Passing back multiple results in Tcl - upvar and uplevel
Archive - Originally posted on "The Horse's Mouth" - 2011-09-01 17:13:55 - Graham EllisWhat's the effect of having a meal? There are many. "You're not hungry any more" is the obvious answer, but also "there's washing up to do", "there's a gap on the shelves" and so on.
And yet when programming with an assignment statement (or a set command in Tcl - I am running a Tcl course this week) there's just a single returned value that is saved to a resut variable.

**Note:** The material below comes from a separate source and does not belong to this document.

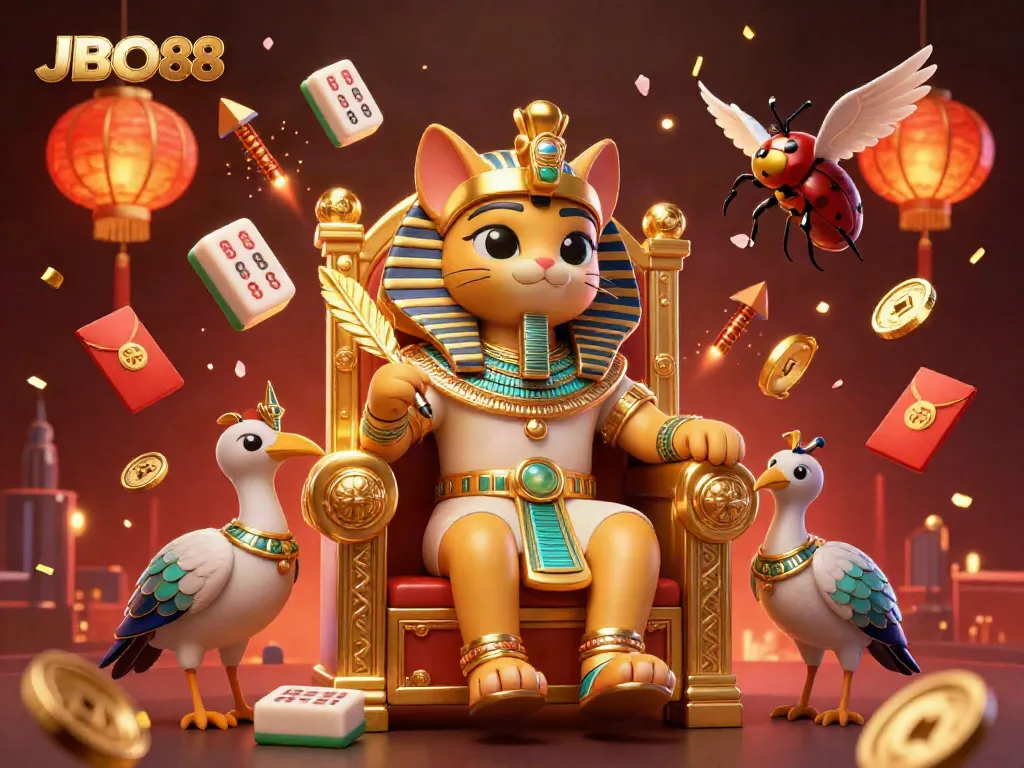 Engage with JBO88 as you bet with fortune-enriched tiles and vibrant lanterns in this thrilling casino scene.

In Tcl, multiple values could be returned in a list just as in other languages they could be returned in a list / array / hash / tuple / object / dictionary, but Tcl also lets you pass in the names of extra return variables to your proc and then access them within a proc via upvar, or even reach out to variables in the calling code via uplevel.
How does this work?
I wrote an example on yesterday's course - source code [here] - where I was working out how many widgets I could buy for a certain amount of money. The return value was to be the quantity, but I wanted to set a subsiduary result too from which the calling code could ascertain how much money was left. The call:
set stocklevel [buy $each $cashinhand cashleft]

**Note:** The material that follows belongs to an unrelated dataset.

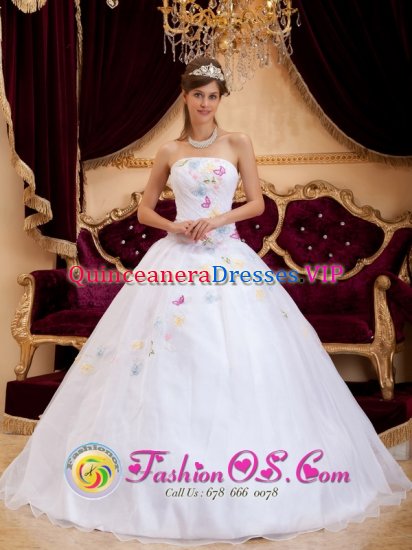 White Colorful Appliques For Quinceanera Dress With Organza Strapless In South Carolina - Click Image to Close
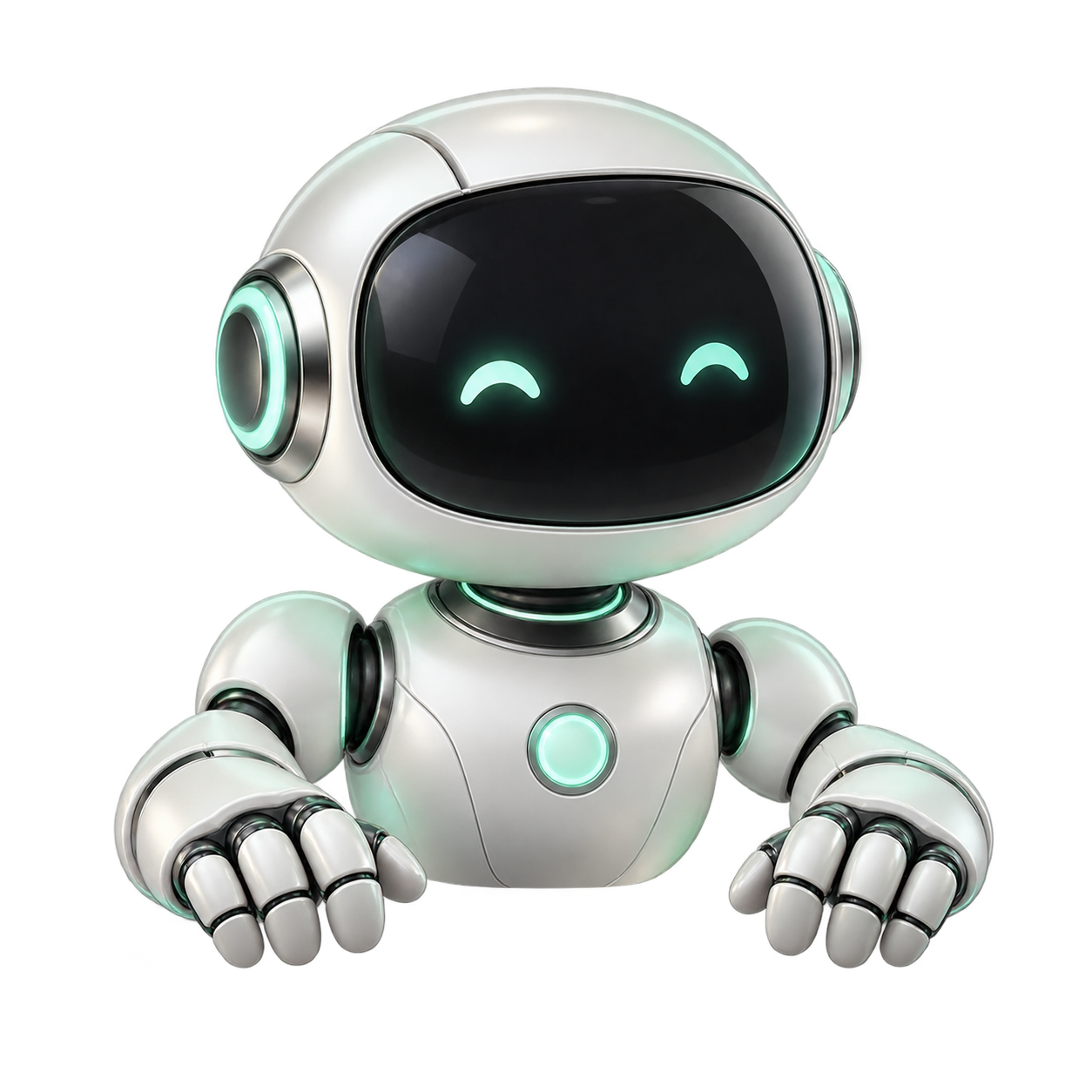 Robot mascot holding the search window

puts "You can buy $stocklevel and you will have $cashleft still to spend"
Note that the target variable for the seond return has no $ in front of it. You're passing in the name of the variable, so that you can declare your proc as follows:
proc buy {unit money_in change} {
upvar $change payback
which says "The variable who's NAME is passed in in the "change" variable from the calling code is to have another name - an alias - of "payback" in the code of the proc. So that when I set payback:
set payback [format %.2f [expr $money_in - $unit * $afford]]

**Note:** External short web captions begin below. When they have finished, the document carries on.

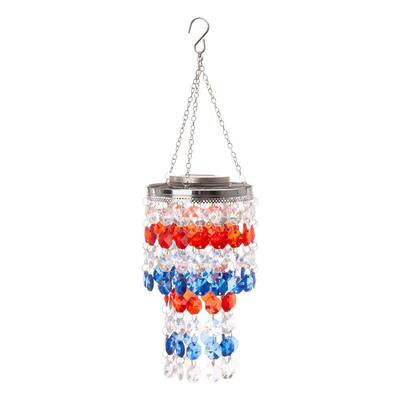 19.125 in. H Solar Lighted Hanging Chandelier with Acrylic Multi-Colored Jewel Beads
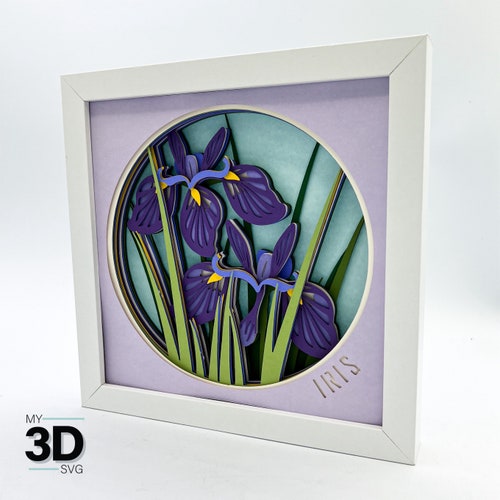 Svg 3D IRIS Shadow Box - pour cricut - pour silhouette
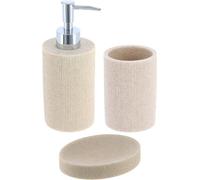 Tendance Accessoires de salle de bains Set de 3 pièces Distributeur de savon Porte-savon Gobelet pour dentifrice beige Polyrésine 7,3x7,3x17 cm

I am really setting the variable named in $change in the calling code ... and that's the variable in that calling code called "cashleft".
There's an alternative - which I'm mentioning here for completeness - the uplevel command. With uplevel, you can request that a piece of code within a proc is performed in the variable namespace of the parent. So another way of returning the second value is to set it directly in the "calling scope":
uplevel "set cashleft $payback"
Under most circumstances, upvar is going to give you better flexibility, though, as the calling code will be able to specify a different variable name each time the proc is called rather than being hardwired, and harder to maintain. There is, however, a new full example of uplevel [here] on the web site.